Monday, August 28, 2006

20 June: Boreham on Queen Victoria


A Study in Queenliness
The anniversary of the accession of Queen Victoria naturally suggests, especially to those who can recall that stately lady's record reign, a comparison between the circumstances under which she ascended our ancient throne more than a century ago and those under which Queen Elizabeth the Second has recently done so.[1] In reality, no parallel exists. Queen Victoria ruled by candlelight. It was by candlelight that she was told of the death of William IV in 1837, and it was by candlelight that, as a very old lady, she sat late into the night in her gloomy sitting room at Osborne House, amusing herself with such feminine occupations as invited the skill of her nimble fingers.

As against this, Queen Elizabeth has but to touch a switch and a palace is flooded in dazzling light. She speaks, and the inflections of her voice are heard on all the continents. She smiles, and millions of her subjects, clustered around television sets, smile back. She takes a dozen steps, and the grace of her bearing is admired by newsreel audiences all the world over.

A Young Queen Inherits A Sinister Legacy
But the contrast between the two young queens strikes still more deeply. Miss Dormer Creston, whose work in this department of literary research has won for her the award of the Royal Society of Literature, has recently presented the world with a convincing portrayal of the early days of Queen Victoria.

The Court, she shows, was a witch's cauldron, seething with spite, pettiness jealousy, hatred, and revenge. The girl Queen was surrounded by statesmen skilled in the sinister art of making political or party capital out of the slightest royal indiscretion; by courtiers whose highest aim in life was to render one another supremely miserable; by ladies-in-waiting and mistresses-of-the-robes who made contemptuous grimaces behind each other's backs, and whose too-easy conversation was liberally spiced with venom. The palace swarmed with cats that did everything but purr.

Nor was Royalty itself by any means guiltless. During Victoria's girlhood, Queen Adelaide—wife of the king and sponsor of the South Australian capital—promulgated persistent rumours to the effect that she was soon to give birth to a direct heir to the Throne. For a month or two after the proclamation of the young Queen, she had Court and country in a state of jitters lest the long-promised baby should, at last, materialise.

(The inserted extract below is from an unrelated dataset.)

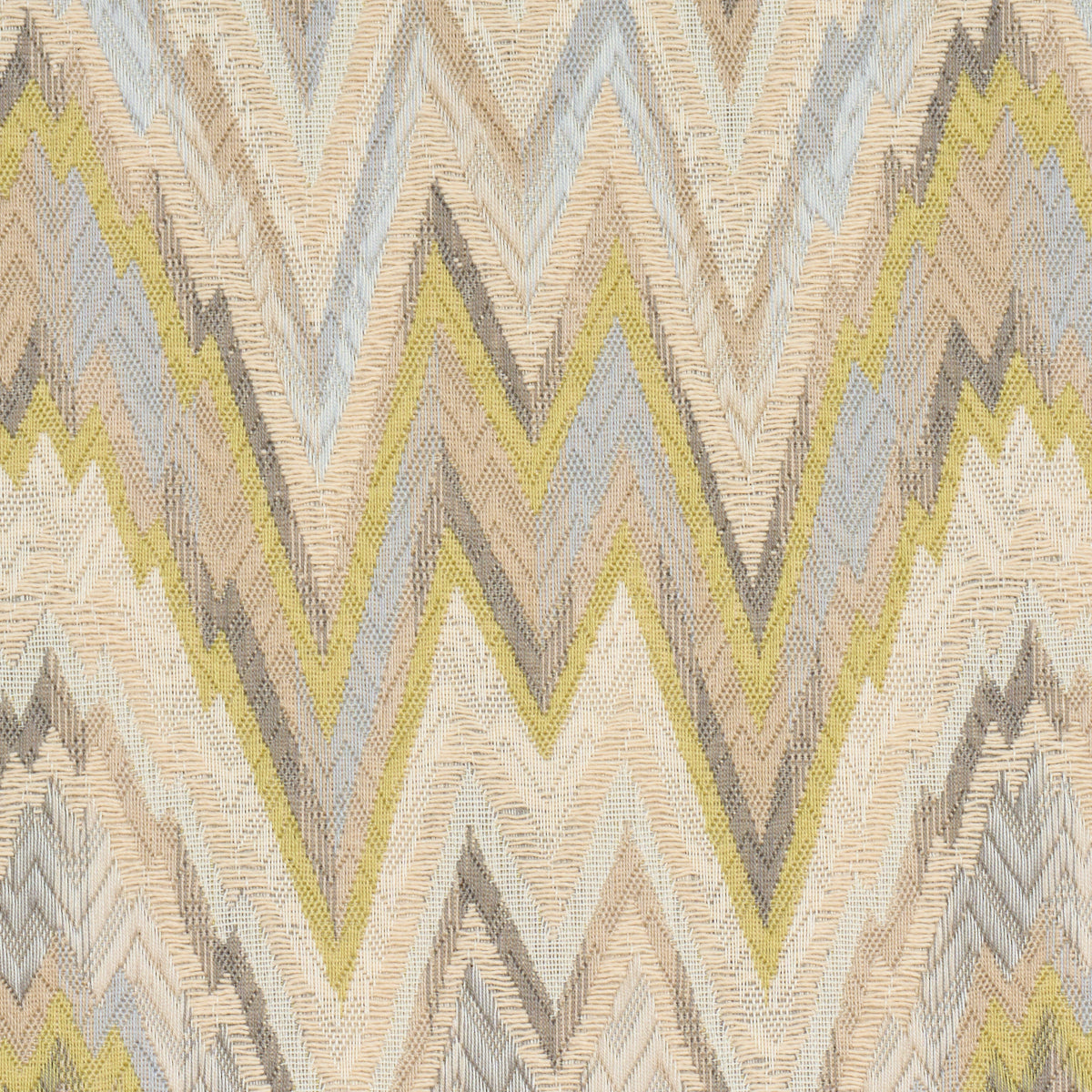 Valkyrie Flame Stitch - Lemon Sage - Schumacher 68944 Fabric - Schumacher Fabric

A Nation Saved By A Sense of Knightliness
In his fine essay on "Chivalry," G. W. E. Russell maintains that, at that crucial moment, our destinies were preserved by the accession of a girl. All the conditions then obtaining tended to inflame a universal discontent and to feed the fires of revolution. Had a king succeeded, the storm must have burst.

But there was something unmanly, unnatural, and un-English in the notion of making war upon a youthful, innocent, and friendless queen. Fortunately for the world, the young monarch quickly proved that on personal grounds, she was worthy of the deference that had been paid to her sex and her youth. The beneficent results of her influence soon penetrated to the remotest outposts of her empire

In his "History of the Nineteenth Century," Robert Mackenzie insists that it is the outstanding glory of Queen Victoria that she set a new fashion in sovereignty, a fashion that, for many generations, her successors will aspire to follow. Miss Creston admits that her royal heroine was not consistently lovable. She had a mind of her own and liked other people to know it. She was sometimes a trifle unmannerly in correcting the bad manners of others. All through her long illustrious reign she was something of a termagant.

Perhaps she had to be. She had set herself a task that required a strong judgment and a resolute will. But if, on the one hand, we sometimes wish that Victoria had been a trifle more womanly and a trifle more human, we are compelled to admire the courage and pertinacity with which, in youth and in age, a lonely woman fought for a pure and lofty ideal.

F W Boreham

Image: Queen Victoria

[1] This editorial appears in the Hobart Mercury on November 29, 1952.